Welcome to SQLblog.com - The SQL Server blog spot on the web Sign in | |
in Search

Jamie Thomson

This is the blog of Jamie Thomson, a freelance data mangler in London

Inequality joins, Asynchronous transformations and Lookups : SSIS

It is pretty much accepted by SQL Server Integration Services (SSIS) developers that synchronous transformations are generally quicker than asynchronous transformations (for a description of synchronous and asynchronous transformations go read Asynchronous and synchronous data flow components). Notice I said “generally” and not “always”; there are circumstances where using asynchronous transformations can be beneficial and in this blog post I’ll demonstrate such a scenario, one that is pretty common when building data warehouses.

Imagine I have a [Customer] dimension table that manages information about all of my customers as a slowly-changing dimension. If that is a type 2 slowly changing dimension then you will likely have multiple rows per customer in that table.

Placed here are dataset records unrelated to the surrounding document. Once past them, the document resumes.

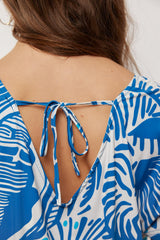 Divinity top | Offwhite/Cornflower Blue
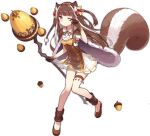  1girl acorn animal_ear_fluff animal_ears ark_order bangs blush bow breasts brown_cape brown_dress brown_eyes brown_footwear brown_gloves brown_hair cape closed_mouth dress flats full_body fur-trimmed_cape fur_trim gloves hair_bow hairband holding holding_staff leg_warmers long_hair looking_at_viewer official_art ratatoskr_(ark_order) red_bow rubbing_eyes sidelocks sleepy sleeveless sleeveless_dress small_breasts solo squirrel_ears squirrel_girl squirrel_tail staff tachi-e tail thigh_strap transparent_background two_side_up white_dress yellow_bow yellow_hairband yue_yue 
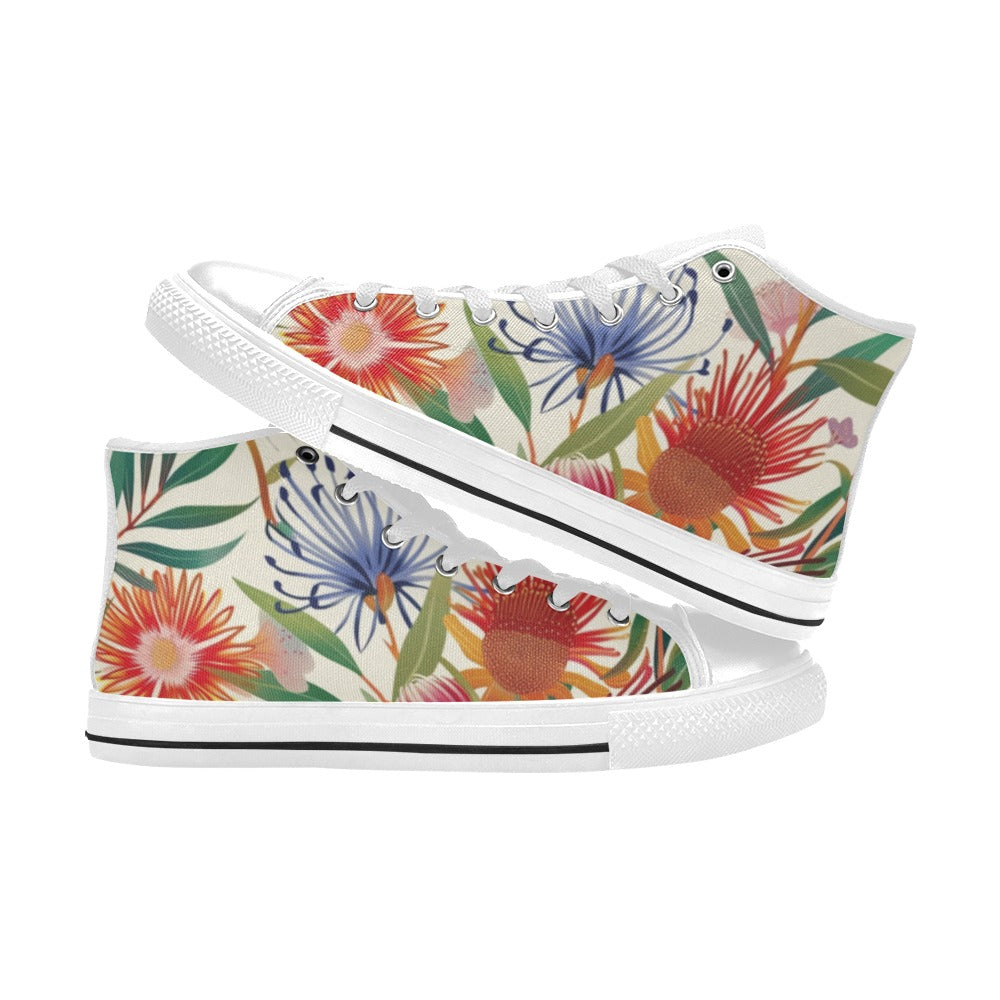 Australian Native Flora - Women's High Top Canvas Shoes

Furthermore you might also have datetime fields that indicate the effective time period of each member record.

Here is such a table that contains data for four dimension members {Terry, Max, Henry, Horace}:

customer dimension table

Notice that we have multiple records per customer and that the [SCDStartDate] of a record is equivalent to the [SCDEndDate] of the record that preceded it (if there was one). (Note that I am on record as saying I am not a fan of this technique of storing an [SCDEndDate] but for the purposes of clarity I have included it here.)

Anyway, the idea here is that we will have some incoming data containing [CustomerName] & [EffectiveDate] and we need to use those values to lookup [Customer].[CustomerId]. The logic will be:

Lookup a [CustomerId] WHERE [CustomerName]=[CustomerName] AND [SCDStartDate] <= [EffectiveDate] AND [EffectiveDate] <= [SCDEndDate]

The conventional approach to this would be to use a full cached lookup but that isn’t an option here because we are using inequality conditions. The obvious next step then is to use a non-cached lookup which enables us to change the SQL statement to use inequality operators:

no cache lookup

Let’s take a look at the dataflow:

dataflow lookup

Notice these are all synchronous components. This approach works just fine however it does have the limitation that it has to issue a SQL statement against your lookup set for every row thus we can expect the execution time of our dataflow to increase linearly in line with the number of rows in our dataflow; that’s not good.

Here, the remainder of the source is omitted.